Overall, the current and likely future funding shortfalls facing many of the nation’s authorized place-based investments appear set to diminish the reach of these programs.

Should funding for critical technology areas be mandatory?

The CHIPS and Science Act establishes a compelling vision for U.S. innovation and place-based industrial policy, but that vision is already being hampered by tight funding. And now, the looming debt ceiling crisis is only going to make the situation worse.

Nor are there any silver bullets to resolve the situation. Somehow, Congress has to keep in sight the long-term vision for U.S. economic and military security, and find the political will to make the near-term financial commitments necessary for U.S. innovators, firms, and regions.

But it’s not just up to Congress. As we’ve seen, the White House budget also contains sizable funding shortfalls for research agencies.

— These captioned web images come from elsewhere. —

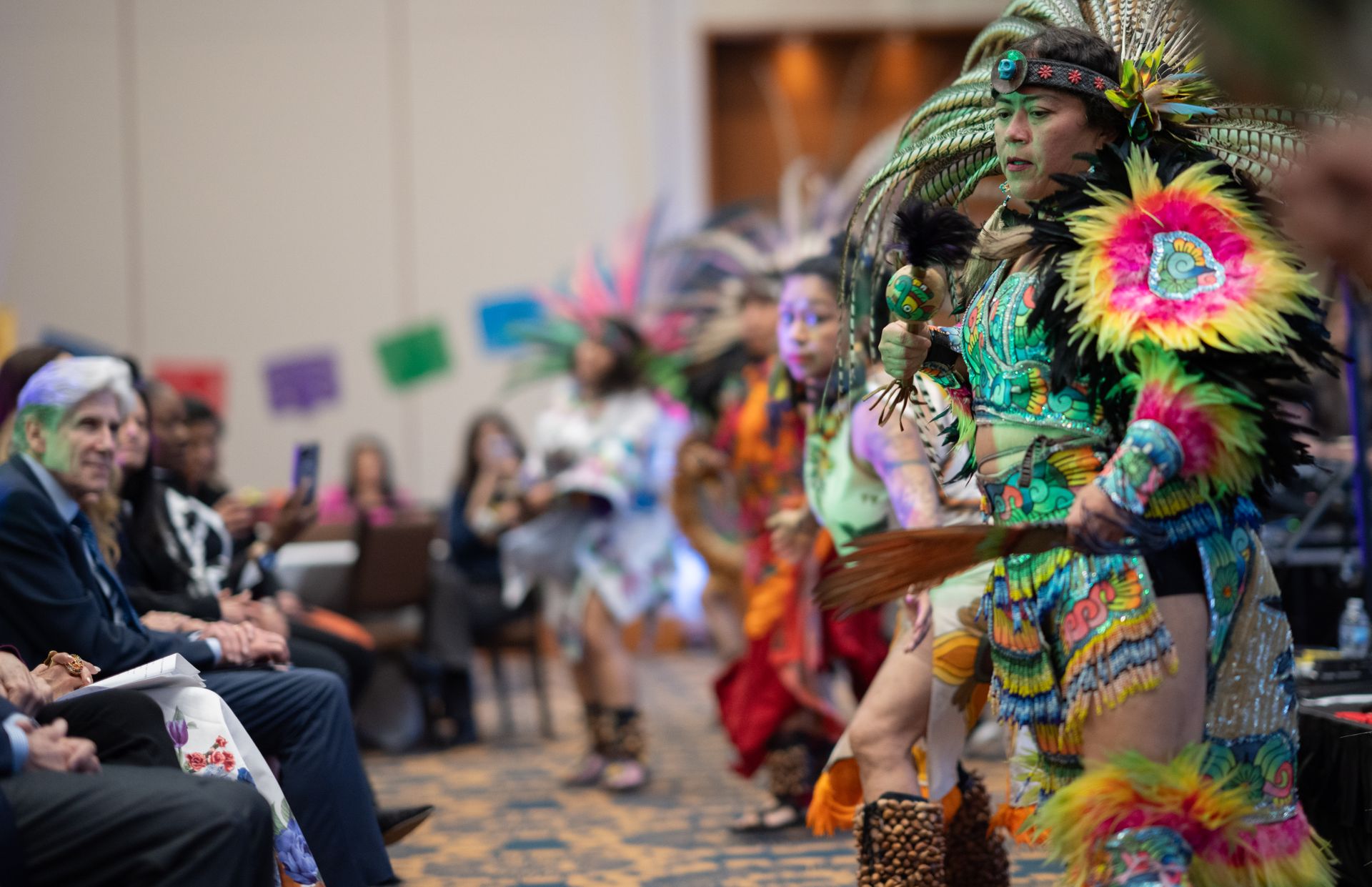 Aztec dancers in vibrant feathered regalia and colorful costumes perform at an indoor event before a seated audience, with papel picado decorations visible in the background.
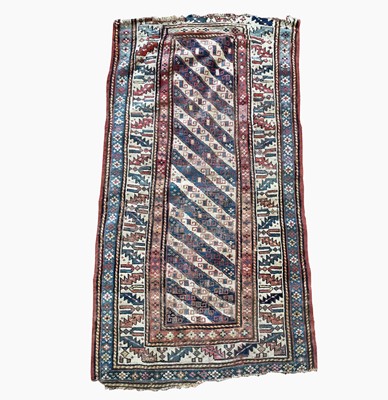 Lot 1204 - A Caucasian long rug, late 19th century, the...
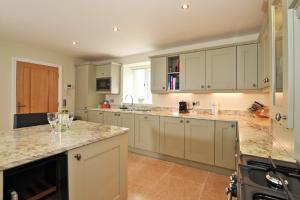 a large kitchen with white cabinets and granite counter tops at The Pepper Pot in Warkworth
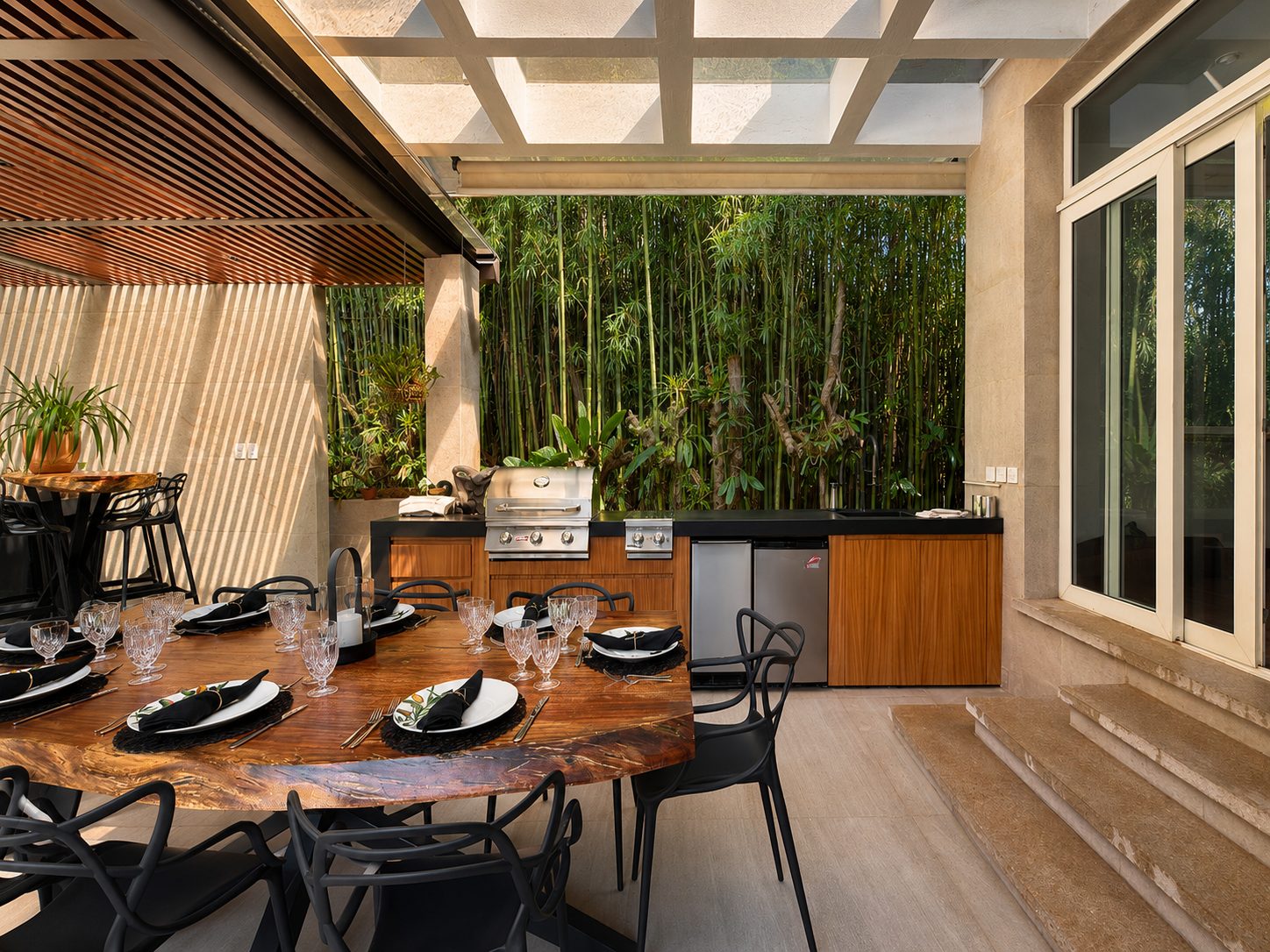Casa Santa Rosalía — comedor exterior con techo de vidrio y muro de bambú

Federal agencies and the Office of Management and Budget will be formulating their FY 2025 budgets this summer in preparation for release next year. As they do so, they should prioritize long-term U.S. competitiveness across strategic technology areas and geographies more so than they have to date.

Lastly, while the mandatory spending proposal mentioned above for the Regional Technology and Innovation Hubs program may not get anywhere this year, mandatory funding as a mechanism for science and innovation investment is not a bad idea in principle. Nor is this the first time policymakers have pitched such an idea: The Obama administration attempted to make aggressive use of mandatory spending to supplement its base research and development requests, and congressional leaders have also floated the idea in recent years. Given the long-term nature of science and innovation, sustained and predictable support would be a boon, and a mandatory funding stream could provide much-needed stability.

Given all this, the moment may be approaching try again to leverage mandatory funding of innovation programs. With caps on discretionary spending on the horizon but bipartisan support for the CHIPS technology agenda still in place, the time to consider a mandatory funding measure may have arrived. Such a measure—structured by, say, a “Critical Technology and National Security Fund”—would go a long way toward ensuring more sustained, stable support for critical technologies in economic and military security. This is exactly the kind of support that CHIPS provides for the semiconductor industry, which is far from the only advanced technology sector subject to global competition.

In short, as we enter the summer months and face down a looming budget crisis, Congress should do for the “science” part of its watershed bill what it did with the “chips” part. Leaders in Washington must move now to ensure that we can deliver on the commitments set forth in the CHIPS and Science Act—all of them.


Note: This post draws from the newly released Federation of American Scientists report, “Chips and Science Funding Update.”